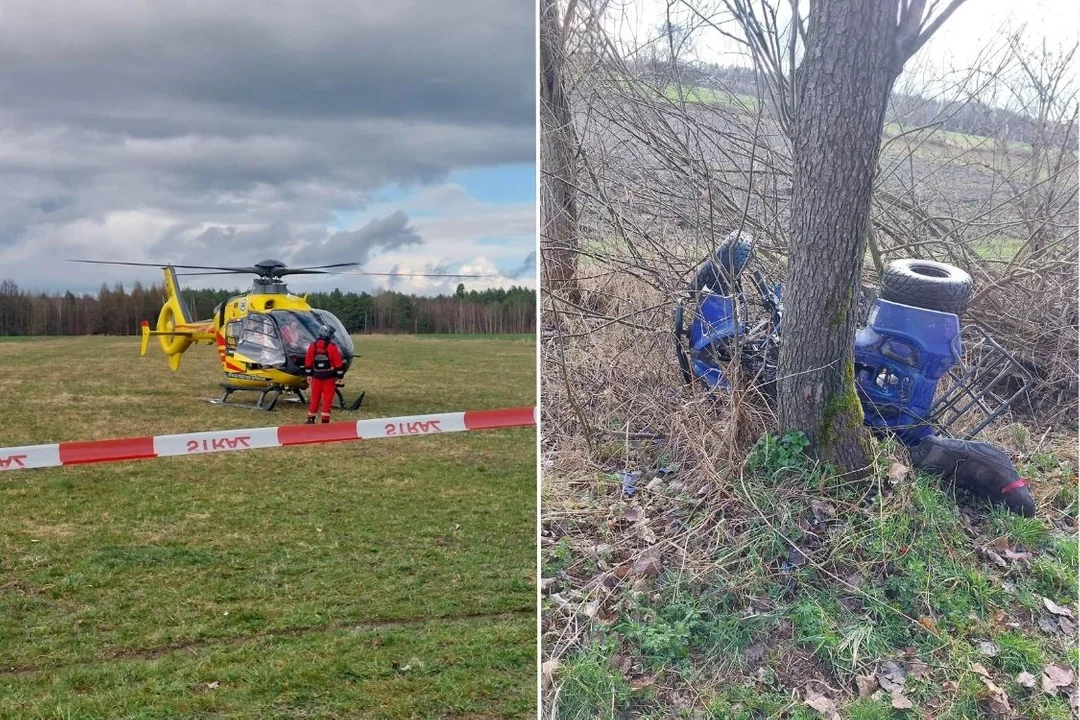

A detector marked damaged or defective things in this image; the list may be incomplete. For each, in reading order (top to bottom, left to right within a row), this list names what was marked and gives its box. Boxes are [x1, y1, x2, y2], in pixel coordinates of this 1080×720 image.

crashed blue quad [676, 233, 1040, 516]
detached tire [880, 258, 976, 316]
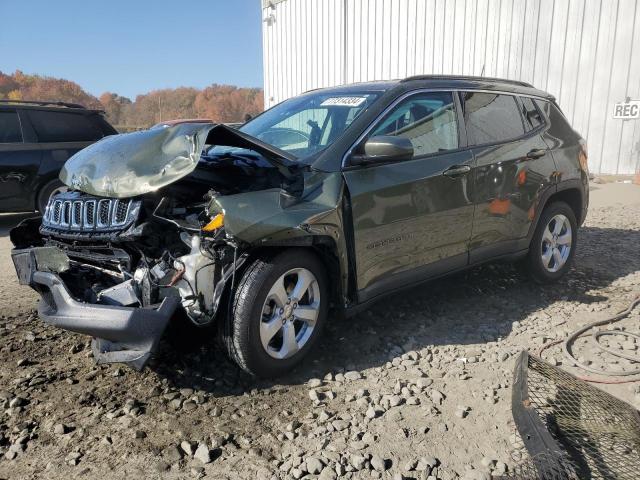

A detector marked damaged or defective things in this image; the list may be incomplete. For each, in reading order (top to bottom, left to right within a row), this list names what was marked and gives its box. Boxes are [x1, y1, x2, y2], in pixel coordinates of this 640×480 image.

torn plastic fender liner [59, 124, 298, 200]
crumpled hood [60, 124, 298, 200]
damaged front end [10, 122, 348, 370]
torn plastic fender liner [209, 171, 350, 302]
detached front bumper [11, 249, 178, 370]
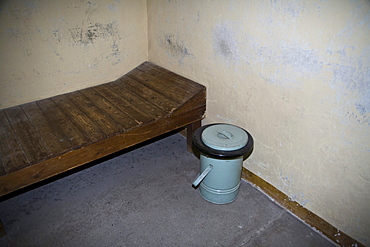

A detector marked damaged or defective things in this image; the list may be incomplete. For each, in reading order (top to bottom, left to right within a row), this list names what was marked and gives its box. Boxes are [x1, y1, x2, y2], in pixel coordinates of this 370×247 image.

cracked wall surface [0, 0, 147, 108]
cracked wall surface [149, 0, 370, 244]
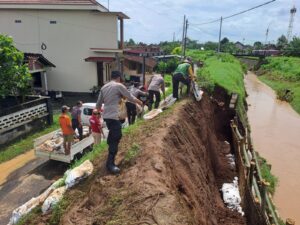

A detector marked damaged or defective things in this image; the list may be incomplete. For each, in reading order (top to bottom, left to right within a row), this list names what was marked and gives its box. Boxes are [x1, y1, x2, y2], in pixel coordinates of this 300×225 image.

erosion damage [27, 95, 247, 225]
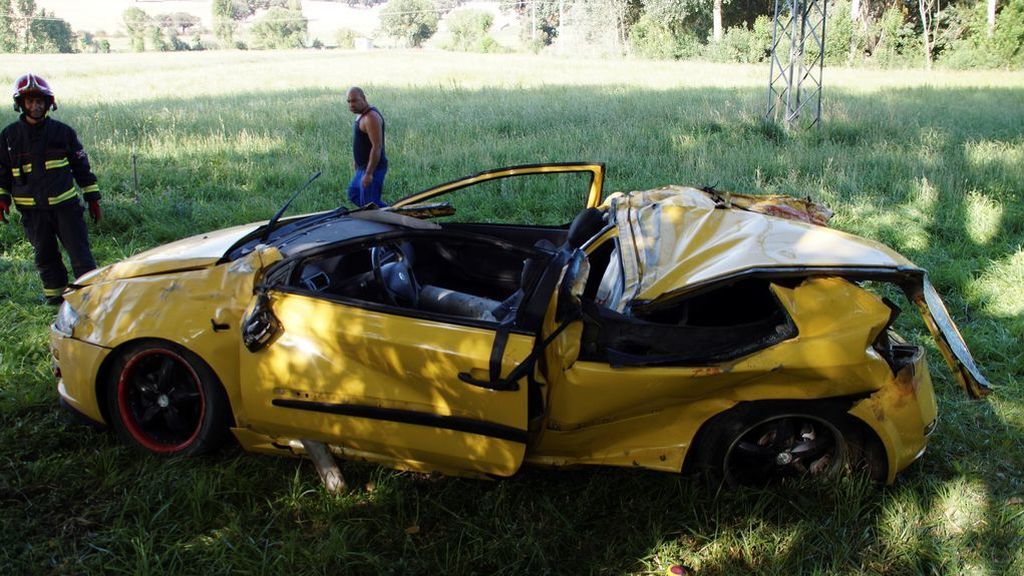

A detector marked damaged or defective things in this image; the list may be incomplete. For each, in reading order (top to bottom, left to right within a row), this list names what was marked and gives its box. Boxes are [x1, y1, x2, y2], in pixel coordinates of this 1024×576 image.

_ _ _ _

■ TASK ITEM ■
Please write out, word for word, only the lines from the one holding "this 300×225 image." through the end of the records above, with both end lines included and the pictures dropped.

■ ANSWER AREA ■
A detector marked damaged or defective things in this image; the list may be incomplete. For each, in reading order (top to bottom, left to right within a row), this list names what was marked and gives its box. Boxes are [x1, y1, x2, y2], in pixel coordinates of this 300×225 image.

erosion damage [27, 95, 247, 225]

A detector marked damaged or defective things in this image; the list may be incomplete. For each, in reading order (top to bottom, left to right within a row), this list names what was marked and gives its box. Boxes are [x1, y1, x2, y2], in pixel coordinates of this 1024×576 image.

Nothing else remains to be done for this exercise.